An exact copy of the data below is needed; please leave out any pictures.

> [Given data]:
== == ==
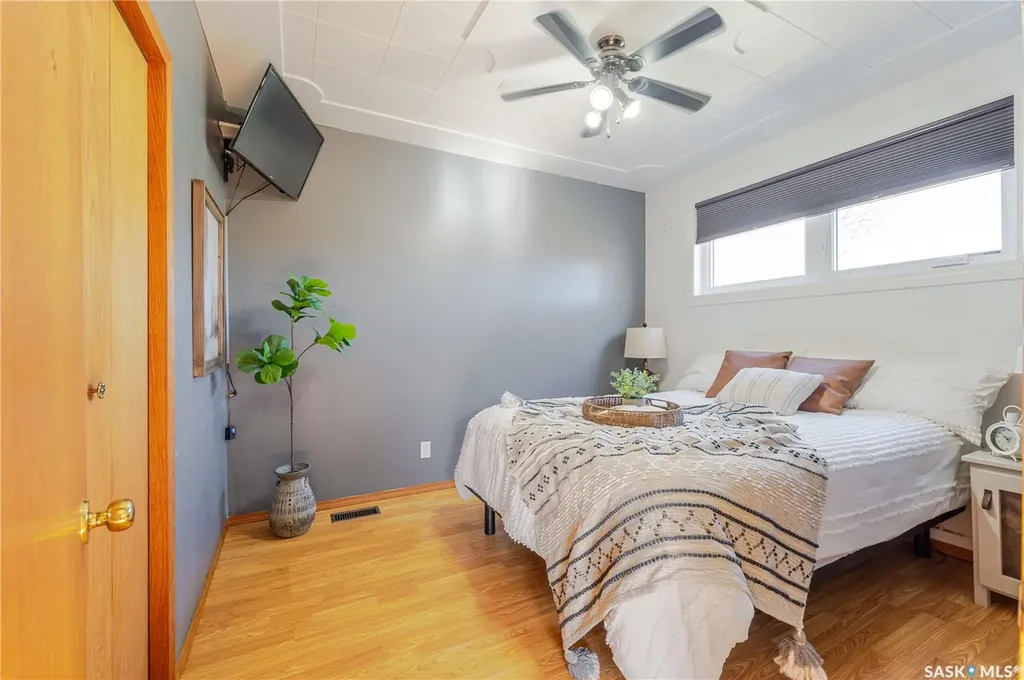 1117 Iroquois Street W Moose Jaw SK S6H 5C1
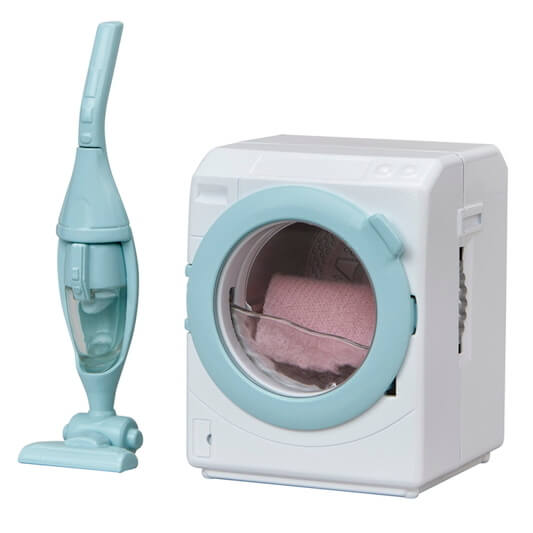 Calico Critters - Laundry & Vacuum Cleaner Set-Mountain Baby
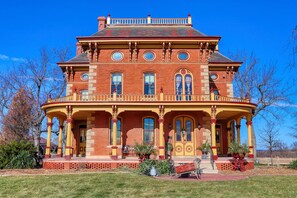 Luxe BNB Mansion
== == ==
> [Answer for this exercise]:
 1117 Iroquois Street W Moose Jaw SK S6H 5C1
 Calico Critters - Laundry & Vacuum Cleaner Set-Mountain Baby
 Luxe BNB Mansion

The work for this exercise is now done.